— WORK ORDER —
Could you print every record exactly as it stands?

-------------------------

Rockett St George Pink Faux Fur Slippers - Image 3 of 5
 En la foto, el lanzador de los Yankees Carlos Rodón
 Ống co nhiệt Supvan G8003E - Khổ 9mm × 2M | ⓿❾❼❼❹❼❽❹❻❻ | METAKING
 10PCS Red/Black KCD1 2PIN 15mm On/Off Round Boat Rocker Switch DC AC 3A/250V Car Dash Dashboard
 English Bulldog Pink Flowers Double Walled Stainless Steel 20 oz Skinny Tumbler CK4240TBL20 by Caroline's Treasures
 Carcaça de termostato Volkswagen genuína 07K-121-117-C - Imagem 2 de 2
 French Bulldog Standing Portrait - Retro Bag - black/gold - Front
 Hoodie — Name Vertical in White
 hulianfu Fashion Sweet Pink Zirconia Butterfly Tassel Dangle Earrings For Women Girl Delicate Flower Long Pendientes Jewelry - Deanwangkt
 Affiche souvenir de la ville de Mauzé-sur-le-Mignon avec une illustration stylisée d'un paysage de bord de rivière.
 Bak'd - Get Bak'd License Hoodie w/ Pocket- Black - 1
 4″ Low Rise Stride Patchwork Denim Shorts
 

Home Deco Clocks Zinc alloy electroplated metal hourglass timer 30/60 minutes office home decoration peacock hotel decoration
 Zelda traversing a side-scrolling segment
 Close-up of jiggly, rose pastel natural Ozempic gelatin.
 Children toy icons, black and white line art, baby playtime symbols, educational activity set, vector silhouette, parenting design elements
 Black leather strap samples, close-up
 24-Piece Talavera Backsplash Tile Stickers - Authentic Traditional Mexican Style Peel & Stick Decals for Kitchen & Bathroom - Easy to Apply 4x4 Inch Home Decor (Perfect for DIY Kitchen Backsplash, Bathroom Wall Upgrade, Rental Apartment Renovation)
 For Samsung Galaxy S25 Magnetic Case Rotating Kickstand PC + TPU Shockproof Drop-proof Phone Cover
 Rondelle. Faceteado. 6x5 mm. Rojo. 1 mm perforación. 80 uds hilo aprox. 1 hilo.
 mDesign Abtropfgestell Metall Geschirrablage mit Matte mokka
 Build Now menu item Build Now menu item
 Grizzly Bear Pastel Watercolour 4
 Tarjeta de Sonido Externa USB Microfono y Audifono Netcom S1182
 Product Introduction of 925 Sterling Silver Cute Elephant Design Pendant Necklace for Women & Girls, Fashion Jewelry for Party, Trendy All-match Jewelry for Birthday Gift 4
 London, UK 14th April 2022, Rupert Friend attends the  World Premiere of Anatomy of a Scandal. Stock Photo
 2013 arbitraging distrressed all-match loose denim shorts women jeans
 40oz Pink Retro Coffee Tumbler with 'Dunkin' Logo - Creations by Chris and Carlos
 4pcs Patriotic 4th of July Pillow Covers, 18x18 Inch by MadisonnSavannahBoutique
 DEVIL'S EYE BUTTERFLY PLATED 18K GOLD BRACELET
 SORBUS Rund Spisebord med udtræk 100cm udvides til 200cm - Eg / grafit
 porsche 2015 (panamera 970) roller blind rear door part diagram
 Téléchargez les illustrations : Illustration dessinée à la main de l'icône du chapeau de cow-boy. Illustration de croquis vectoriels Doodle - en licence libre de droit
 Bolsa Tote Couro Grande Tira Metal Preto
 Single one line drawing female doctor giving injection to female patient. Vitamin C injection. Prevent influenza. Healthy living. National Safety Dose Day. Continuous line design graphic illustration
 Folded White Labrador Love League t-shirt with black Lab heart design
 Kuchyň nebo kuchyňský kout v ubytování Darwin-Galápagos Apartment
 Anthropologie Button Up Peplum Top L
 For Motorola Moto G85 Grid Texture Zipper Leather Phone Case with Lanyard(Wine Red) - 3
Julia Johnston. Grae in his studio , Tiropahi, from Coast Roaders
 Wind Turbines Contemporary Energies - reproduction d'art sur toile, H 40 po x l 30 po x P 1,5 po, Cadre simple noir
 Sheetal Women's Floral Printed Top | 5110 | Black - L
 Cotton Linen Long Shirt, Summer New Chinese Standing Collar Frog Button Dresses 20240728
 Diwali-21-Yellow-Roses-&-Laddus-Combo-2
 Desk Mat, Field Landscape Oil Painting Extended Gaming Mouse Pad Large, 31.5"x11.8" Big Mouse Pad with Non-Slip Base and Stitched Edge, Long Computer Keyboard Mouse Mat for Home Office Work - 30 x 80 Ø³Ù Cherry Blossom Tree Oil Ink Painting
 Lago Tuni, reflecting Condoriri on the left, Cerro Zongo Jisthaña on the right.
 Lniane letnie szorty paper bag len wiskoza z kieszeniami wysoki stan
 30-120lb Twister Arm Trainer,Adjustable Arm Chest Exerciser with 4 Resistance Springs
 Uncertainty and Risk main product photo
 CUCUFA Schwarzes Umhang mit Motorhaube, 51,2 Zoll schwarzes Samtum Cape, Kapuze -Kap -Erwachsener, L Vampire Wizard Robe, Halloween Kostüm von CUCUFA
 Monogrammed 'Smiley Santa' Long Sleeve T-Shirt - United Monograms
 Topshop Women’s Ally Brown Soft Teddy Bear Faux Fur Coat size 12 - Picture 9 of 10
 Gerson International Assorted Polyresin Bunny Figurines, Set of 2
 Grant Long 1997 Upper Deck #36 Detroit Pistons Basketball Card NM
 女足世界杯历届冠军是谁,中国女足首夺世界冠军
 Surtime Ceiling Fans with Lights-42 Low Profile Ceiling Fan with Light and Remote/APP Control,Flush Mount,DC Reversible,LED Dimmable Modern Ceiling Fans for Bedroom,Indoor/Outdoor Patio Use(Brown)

-------------------------

— FINISHED TASK —
Rockett St George Pink Faux Fur Slippers - Image 3 of 5
 En la foto, el lanzador de los Yankees Carlos Rodón
 Ống co nhiệt Supvan G8003E - Khổ 9mm × 2M | ⓿❾❼❼❹❼❽❹❻❻ | METAKING
 10PCS Red/Black KCD1 2PIN 15mm On/Off Round Boat Rocker Switch DC AC 3A/250V Car Dash Dashboard
 English Bulldog Pink Flowers Double Walled Stainless Steel 20 oz Skinny Tumbler CK4240TBL20 by Caroline's Treasures
 Carcaça de termostato Volkswagen genuína 07K-121-117-C - Imagem 2 de 2
 French Bulldog Standing Portrait - Retro Bag - black/gold - Front
 Hoodie — Name Vertical in White
 hulianfu Fashion Sweet Pink Zirconia Butterfly Tassel Dangle Earrings For Women Girl Delicate Flower Long Pendientes Jewelry - Deanwangkt
 Affiche souvenir de la ville de Mauzé-sur-le-Mignon avec une illustration stylisée d'un paysage de bord de rivière.
 Bak'd - Get Bak'd License Hoodie w/ Pocket- Black - 1
 4″ Low Rise Stride Patchwork Denim Shorts
 

Home Deco Clocks Zinc alloy electroplated metal hourglass timer 30/60 minutes office home decoration peacock hotel decoration
 Zelda traversing a side-scrolling segment
 Close-up of jiggly, rose pastel natural Ozempic gelatin.
 Children toy icons, black and white line art, baby playtime symbols, educational activity set, vector silhouette, parenting design elements
 Black leather strap samples, close-up
 24-Piece Talavera Backsplash Tile Stickers - Authentic Traditional Mexican Style Peel & Stick Decals for Kitchen & Bathroom - Easy to Apply 4x4 Inch Home Decor (Perfect for DIY Kitchen Backsplash, Bathroom Wall Upgrade, Rental Apartment Renovation)
 For Samsung Galaxy S25 Magnetic Case Rotating Kickstand PC + TPU Shockproof Drop-proof Phone Cover
 Rondelle. Faceteado. 6x5 mm. Rojo. 1 mm perforación. 80 uds hilo aprox. 1 hilo.
 mDesign Abtropfgestell Metall Geschirrablage mit Matte mokka
 Build Now menu item Build Now menu item
 Grizzly Bear Pastel Watercolour 4
 Tarjeta de Sonido Externa USB Microfono y Audifono Netcom S1182
 Product Introduction of 925 Sterling Silver Cute Elephant Design Pendant Necklace for Women & Girls, Fashion Jewelry for Party, Trendy All-match Jewelry for Birthday Gift 4
 London, UK 14th April 2022, Rupert Friend attends the  World Premiere of Anatomy of a Scandal. Stock Photo
 2013 arbitraging distrressed all-match loose denim shorts women jeans
 40oz Pink Retro Coffee Tumbler with 'Dunkin' Logo - Creations by Chris and Carlos
 4pcs Patriotic 4th of July Pillow Covers, 18x18 Inch by MadisonnSavannahBoutique
 DEVIL'S EYE BUTTERFLY PLATED 18K GOLD BRACELET
 SORBUS Rund Spisebord med udtræk 100cm udvides til 200cm - Eg / grafit
 porsche 2015 (panamera 970) roller blind rear door part diagram
 Téléchargez les illustrations : Illustration dessinée à la main de l'icône du chapeau de cow-boy. Illustration de croquis vectoriels Doodle - en licence libre de droit
 Bolsa Tote Couro Grande Tira Metal Preto
 Single one line drawing female doctor giving injection to female patient. Vitamin C injection. Prevent influenza. Healthy living. National Safety Dose Day. Continuous line design graphic illustration
 Folded White Labrador Love League t-shirt with black Lab heart design
 Kuchyň nebo kuchyňský kout v ubytování Darwin-Galápagos Apartment
 Anthropologie Button Up Peplum Top L
 For Motorola Moto G85 Grid Texture Zipper Leather Phone Case with Lanyard(Wine Red) - 3
Julia Johnston. Grae in his studio , Tiropahi, from Coast Roaders
 Wind Turbines Contemporary Energies - reproduction d'art sur toile, H 40 po x l 30 po x P 1,5 po, Cadre simple noir
 Sheetal Women's Floral Printed Top | 5110 | Black - L
 Cotton Linen Long Shirt, Summer New Chinese Standing Collar Frog Button Dresses 20240728
 Diwali-21-Yellow-Roses-&-Laddus-Combo-2
 Desk Mat, Field Landscape Oil Painting Extended Gaming Mouse Pad Large, 31.5"x11.8" Big Mouse Pad with Non-Slip Base and Stitched Edge, Long Computer Keyboard Mouse Mat for Home Office Work - 30 x 80 Ø³Ù Cherry Blossom Tree Oil Ink Painting
 Lago Tuni, reflecting Condoriri on the left, Cerro Zongo Jisthaña on the right.
 Lniane letnie szorty paper bag len wiskoza z kieszeniami wysoki stan
 30-120lb Twister Arm Trainer,Adjustable Arm Chest Exerciser with 4 Resistance Springs
 Uncertainty and Risk main product photo
 CUCUFA Schwarzes Umhang mit Motorhaube, 51,2 Zoll schwarzes Samtum Cape, Kapuze -Kap -Erwachsener, L Vampire Wizard Robe, Halloween Kostüm von CUCUFA
 Monogrammed 'Smiley Santa' Long Sleeve T-Shirt - United Monograms
 Topshop Women’s Ally Brown Soft Teddy Bear Faux Fur Coat size 12 - Picture 9 of 10
 Gerson International Assorted Polyresin Bunny Figurines, Set of 2
 Grant Long 1997 Upper Deck #36 Detroit Pistons Basketball Card NM
 女足世界杯历届冠军是谁,中国女足首夺世界冠军
 Surtime Ceiling Fans with Lights-42 Low Profile Ceiling Fan with Light and Remote/APP Control,Flush Mount,DC Reversible,LED Dimmable Modern Ceiling Fans for Bedroom,Indoor/Outdoor Patio Use(Brown)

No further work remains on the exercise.